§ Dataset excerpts
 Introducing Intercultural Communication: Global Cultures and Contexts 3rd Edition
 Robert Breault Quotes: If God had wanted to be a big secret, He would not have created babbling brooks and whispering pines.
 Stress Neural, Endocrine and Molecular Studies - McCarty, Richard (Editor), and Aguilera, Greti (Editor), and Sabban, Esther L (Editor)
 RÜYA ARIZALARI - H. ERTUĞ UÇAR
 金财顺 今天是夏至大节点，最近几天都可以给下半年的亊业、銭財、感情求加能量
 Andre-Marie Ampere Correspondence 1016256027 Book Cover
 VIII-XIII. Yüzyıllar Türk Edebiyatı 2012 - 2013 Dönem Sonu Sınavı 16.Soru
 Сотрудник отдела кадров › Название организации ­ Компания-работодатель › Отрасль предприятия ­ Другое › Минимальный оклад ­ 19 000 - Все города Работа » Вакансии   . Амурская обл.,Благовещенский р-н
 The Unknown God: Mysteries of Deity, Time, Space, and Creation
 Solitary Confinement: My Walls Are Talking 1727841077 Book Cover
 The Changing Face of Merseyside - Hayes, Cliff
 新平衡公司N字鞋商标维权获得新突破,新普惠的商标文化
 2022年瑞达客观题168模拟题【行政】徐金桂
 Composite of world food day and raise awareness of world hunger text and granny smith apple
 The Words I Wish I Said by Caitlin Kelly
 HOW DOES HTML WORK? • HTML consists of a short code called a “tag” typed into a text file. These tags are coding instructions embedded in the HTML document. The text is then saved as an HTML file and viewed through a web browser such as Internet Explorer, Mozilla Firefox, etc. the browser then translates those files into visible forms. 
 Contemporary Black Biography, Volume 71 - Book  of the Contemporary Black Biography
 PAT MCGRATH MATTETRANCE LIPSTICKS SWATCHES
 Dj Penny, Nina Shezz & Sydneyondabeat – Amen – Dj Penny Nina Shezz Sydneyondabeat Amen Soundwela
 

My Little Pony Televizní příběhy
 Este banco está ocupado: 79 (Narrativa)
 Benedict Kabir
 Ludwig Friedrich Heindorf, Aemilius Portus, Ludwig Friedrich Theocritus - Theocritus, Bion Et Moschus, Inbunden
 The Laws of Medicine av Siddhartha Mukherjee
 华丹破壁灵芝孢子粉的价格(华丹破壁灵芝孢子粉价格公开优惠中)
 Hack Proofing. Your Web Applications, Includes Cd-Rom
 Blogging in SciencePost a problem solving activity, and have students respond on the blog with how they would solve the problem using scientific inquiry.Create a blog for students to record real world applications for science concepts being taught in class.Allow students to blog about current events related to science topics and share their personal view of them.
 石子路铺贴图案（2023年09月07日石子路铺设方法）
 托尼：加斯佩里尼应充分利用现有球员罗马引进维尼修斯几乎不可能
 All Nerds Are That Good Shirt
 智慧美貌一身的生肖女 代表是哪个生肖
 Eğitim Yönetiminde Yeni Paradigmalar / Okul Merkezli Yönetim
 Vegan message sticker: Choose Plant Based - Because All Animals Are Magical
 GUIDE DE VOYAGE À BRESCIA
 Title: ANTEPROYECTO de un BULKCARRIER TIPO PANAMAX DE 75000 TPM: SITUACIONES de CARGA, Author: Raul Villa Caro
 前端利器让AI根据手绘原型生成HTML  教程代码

§ Required work
Both the line containing "Dj Penny, Nina" and the line containing "华丹破壁灵芝孢子粉的价格(华丹破壁灵芝孢子粉价格公开优惠中)" belong in the answer. Print them and every line above that falls between them exactly, and no others.

§ Result of the task
 Dj Penny, Nina Shezz & Sydneyondabeat – Amen – Dj Penny Nina Shezz Sydneyondabeat Amen Soundwela
 

My Little Pony Televizní příběhy
 Este banco está ocupado: 79 (Narrativa)
 Benedict Kabir
 Ludwig Friedrich Heindorf, Aemilius Portus, Ludwig Friedrich Theocritus - Theocritus, Bion Et Moschus, Inbunden
 The Laws of Medicine av Siddhartha Mukherjee
 华丹破壁灵芝孢子粉的价格(华丹破壁灵芝孢子粉价格公开优惠中)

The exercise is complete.